Top of MATERIAL FOR THIS EXERCISE

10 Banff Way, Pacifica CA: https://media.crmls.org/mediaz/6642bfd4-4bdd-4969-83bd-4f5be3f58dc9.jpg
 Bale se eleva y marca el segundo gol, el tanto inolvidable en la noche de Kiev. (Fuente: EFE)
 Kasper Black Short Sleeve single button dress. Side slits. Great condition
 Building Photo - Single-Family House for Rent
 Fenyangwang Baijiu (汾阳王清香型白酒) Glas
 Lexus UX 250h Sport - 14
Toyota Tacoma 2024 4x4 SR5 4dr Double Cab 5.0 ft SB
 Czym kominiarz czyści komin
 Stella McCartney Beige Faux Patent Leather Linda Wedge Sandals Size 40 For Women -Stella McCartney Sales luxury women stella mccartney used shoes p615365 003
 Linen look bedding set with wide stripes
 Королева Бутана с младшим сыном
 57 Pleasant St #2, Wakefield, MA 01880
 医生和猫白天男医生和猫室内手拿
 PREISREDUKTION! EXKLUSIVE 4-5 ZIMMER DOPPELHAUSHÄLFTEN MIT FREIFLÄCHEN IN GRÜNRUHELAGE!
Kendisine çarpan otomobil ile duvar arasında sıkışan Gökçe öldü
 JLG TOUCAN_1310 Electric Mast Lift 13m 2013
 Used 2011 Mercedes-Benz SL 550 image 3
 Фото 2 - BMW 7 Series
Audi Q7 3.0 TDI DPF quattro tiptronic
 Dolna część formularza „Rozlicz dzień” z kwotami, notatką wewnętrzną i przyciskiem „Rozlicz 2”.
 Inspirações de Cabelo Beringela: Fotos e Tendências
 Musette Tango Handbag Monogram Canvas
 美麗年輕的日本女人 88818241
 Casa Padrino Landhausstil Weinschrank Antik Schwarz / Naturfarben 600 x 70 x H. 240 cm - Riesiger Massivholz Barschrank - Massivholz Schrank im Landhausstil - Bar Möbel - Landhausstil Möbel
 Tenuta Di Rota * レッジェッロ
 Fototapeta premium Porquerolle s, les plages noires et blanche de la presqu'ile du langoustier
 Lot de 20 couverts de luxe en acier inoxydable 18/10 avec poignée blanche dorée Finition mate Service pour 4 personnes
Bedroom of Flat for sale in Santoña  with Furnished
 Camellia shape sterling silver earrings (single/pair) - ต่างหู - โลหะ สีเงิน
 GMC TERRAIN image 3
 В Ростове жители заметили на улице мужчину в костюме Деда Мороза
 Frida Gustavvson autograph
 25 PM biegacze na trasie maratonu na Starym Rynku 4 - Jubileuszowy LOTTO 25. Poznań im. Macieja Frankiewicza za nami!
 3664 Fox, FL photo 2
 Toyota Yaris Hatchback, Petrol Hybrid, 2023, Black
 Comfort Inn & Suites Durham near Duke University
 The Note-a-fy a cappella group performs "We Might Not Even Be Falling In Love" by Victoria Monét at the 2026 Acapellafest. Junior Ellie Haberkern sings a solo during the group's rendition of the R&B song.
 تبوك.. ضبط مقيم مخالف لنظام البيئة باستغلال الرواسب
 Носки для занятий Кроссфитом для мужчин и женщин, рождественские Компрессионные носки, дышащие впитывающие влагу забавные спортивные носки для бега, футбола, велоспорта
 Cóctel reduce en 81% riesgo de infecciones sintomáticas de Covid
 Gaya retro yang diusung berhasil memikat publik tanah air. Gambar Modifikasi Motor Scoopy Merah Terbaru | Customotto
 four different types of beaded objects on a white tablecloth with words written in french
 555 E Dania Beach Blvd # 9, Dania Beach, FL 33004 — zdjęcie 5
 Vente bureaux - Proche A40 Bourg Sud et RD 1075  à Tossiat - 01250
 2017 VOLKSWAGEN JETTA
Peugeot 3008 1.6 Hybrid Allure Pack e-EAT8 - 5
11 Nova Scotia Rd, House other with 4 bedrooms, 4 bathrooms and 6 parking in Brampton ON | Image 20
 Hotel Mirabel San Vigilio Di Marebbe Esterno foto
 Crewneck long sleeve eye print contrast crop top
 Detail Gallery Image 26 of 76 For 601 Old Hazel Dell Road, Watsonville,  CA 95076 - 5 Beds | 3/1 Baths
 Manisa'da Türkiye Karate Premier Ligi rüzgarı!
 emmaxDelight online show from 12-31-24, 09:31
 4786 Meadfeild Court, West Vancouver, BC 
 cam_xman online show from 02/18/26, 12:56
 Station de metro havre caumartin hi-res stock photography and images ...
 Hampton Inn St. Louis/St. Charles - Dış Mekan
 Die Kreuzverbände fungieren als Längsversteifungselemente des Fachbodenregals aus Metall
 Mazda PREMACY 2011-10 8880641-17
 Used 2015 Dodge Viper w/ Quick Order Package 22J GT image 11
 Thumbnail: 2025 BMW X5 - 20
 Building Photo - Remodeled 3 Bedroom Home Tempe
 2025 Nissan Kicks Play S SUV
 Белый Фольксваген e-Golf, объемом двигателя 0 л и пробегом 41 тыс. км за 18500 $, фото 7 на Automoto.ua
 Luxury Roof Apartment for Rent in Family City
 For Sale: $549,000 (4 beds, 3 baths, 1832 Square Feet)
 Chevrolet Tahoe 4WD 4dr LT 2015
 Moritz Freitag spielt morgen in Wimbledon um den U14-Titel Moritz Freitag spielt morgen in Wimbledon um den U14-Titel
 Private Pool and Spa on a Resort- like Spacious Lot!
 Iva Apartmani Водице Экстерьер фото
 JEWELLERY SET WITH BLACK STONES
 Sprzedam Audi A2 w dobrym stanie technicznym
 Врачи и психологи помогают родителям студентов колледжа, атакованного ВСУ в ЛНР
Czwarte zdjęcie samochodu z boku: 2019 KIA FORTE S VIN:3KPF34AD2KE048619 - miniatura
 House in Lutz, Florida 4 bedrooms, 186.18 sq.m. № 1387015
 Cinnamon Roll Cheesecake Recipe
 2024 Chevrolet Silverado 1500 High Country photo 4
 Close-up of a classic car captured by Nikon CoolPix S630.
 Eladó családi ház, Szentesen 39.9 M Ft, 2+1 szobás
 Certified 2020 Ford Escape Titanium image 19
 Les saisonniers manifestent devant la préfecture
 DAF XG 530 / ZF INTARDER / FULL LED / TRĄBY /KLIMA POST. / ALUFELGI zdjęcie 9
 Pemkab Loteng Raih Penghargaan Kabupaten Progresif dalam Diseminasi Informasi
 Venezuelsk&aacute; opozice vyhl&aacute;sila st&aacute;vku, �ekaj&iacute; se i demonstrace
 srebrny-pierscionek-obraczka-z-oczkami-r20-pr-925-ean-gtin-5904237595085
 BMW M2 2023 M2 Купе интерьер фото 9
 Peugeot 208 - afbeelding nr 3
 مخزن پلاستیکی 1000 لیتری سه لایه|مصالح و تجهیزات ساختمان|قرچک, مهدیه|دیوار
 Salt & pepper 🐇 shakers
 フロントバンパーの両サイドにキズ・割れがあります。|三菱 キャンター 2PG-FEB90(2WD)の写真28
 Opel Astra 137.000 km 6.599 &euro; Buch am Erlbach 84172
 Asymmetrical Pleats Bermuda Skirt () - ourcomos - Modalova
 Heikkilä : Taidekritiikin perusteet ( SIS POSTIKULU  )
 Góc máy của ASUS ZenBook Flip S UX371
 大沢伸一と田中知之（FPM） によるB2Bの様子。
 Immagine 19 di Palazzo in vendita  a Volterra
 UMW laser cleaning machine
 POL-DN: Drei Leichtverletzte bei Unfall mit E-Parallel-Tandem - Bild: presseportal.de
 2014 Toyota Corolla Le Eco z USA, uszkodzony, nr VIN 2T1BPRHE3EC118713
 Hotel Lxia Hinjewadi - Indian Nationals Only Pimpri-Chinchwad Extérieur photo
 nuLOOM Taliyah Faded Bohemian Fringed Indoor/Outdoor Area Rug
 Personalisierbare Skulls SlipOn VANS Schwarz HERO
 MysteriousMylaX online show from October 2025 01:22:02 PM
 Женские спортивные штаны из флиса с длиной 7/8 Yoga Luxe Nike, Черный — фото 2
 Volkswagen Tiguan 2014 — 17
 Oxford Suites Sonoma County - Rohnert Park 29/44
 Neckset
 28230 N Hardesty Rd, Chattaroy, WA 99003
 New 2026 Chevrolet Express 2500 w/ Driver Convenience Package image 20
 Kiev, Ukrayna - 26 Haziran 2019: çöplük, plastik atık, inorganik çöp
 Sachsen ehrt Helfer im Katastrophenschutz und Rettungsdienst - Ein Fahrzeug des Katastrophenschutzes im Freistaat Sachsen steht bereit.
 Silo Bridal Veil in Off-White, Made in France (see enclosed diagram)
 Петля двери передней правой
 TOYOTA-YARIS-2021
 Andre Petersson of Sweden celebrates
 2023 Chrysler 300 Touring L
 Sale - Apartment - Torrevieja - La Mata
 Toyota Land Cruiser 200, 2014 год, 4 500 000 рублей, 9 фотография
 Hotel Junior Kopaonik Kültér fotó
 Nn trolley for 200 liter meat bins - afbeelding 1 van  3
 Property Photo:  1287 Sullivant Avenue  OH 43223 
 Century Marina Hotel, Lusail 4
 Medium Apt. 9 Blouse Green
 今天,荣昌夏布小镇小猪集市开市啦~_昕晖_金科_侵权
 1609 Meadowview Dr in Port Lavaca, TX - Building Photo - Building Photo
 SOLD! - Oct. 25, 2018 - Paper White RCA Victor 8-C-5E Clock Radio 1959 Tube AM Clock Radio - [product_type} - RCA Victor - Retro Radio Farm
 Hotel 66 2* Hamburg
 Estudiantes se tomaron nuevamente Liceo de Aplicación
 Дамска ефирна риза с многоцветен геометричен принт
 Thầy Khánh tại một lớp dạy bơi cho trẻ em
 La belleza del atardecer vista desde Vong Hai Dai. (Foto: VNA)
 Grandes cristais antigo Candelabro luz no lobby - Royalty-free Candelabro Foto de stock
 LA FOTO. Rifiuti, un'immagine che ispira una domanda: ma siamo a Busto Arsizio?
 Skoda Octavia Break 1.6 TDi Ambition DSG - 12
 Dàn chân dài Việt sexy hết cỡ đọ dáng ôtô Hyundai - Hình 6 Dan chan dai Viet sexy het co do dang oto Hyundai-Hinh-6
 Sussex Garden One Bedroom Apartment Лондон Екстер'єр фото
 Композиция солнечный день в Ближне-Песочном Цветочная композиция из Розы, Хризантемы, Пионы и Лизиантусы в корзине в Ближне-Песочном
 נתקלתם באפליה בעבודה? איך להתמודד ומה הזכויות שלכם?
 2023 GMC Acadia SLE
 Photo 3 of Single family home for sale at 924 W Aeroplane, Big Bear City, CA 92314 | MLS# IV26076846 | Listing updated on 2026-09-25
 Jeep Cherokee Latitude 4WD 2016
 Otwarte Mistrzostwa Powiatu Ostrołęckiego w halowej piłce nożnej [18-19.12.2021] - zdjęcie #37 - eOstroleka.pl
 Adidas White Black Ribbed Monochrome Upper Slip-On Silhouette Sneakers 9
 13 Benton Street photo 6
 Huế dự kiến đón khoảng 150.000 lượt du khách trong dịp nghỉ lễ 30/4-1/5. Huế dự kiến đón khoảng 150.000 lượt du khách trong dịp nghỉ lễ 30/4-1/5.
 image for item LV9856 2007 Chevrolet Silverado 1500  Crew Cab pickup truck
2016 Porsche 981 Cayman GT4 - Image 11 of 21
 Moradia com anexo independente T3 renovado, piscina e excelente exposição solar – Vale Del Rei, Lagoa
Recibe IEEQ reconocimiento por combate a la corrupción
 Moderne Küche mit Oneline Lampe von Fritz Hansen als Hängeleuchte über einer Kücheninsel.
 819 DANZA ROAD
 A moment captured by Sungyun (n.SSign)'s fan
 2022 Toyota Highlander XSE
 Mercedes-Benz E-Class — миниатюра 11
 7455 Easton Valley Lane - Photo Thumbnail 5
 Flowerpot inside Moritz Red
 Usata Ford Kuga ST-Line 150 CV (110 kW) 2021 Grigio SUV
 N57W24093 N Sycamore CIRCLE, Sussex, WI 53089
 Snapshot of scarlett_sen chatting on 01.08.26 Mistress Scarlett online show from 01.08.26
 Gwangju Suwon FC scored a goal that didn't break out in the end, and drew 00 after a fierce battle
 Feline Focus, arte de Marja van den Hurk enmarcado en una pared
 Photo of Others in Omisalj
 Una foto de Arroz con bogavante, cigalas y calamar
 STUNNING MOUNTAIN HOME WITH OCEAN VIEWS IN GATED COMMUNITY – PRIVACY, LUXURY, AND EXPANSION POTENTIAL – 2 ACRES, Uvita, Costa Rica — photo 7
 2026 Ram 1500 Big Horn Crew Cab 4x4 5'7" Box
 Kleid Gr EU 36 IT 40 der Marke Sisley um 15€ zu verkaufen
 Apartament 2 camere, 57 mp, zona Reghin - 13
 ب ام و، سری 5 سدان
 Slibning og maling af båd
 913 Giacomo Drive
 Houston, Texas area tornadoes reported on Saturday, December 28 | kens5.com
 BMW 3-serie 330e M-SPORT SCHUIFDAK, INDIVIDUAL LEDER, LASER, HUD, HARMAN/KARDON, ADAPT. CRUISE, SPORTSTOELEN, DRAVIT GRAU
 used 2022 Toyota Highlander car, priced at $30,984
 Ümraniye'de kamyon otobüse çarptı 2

Bottom of MATERIAL FOR THIS EXERCISE

# [TASK DETAILS]
Across the listing above, in how many lines does the string "Silverado" occur? Give the number only.

# [SOLUTION TO THE PROBLEM]
2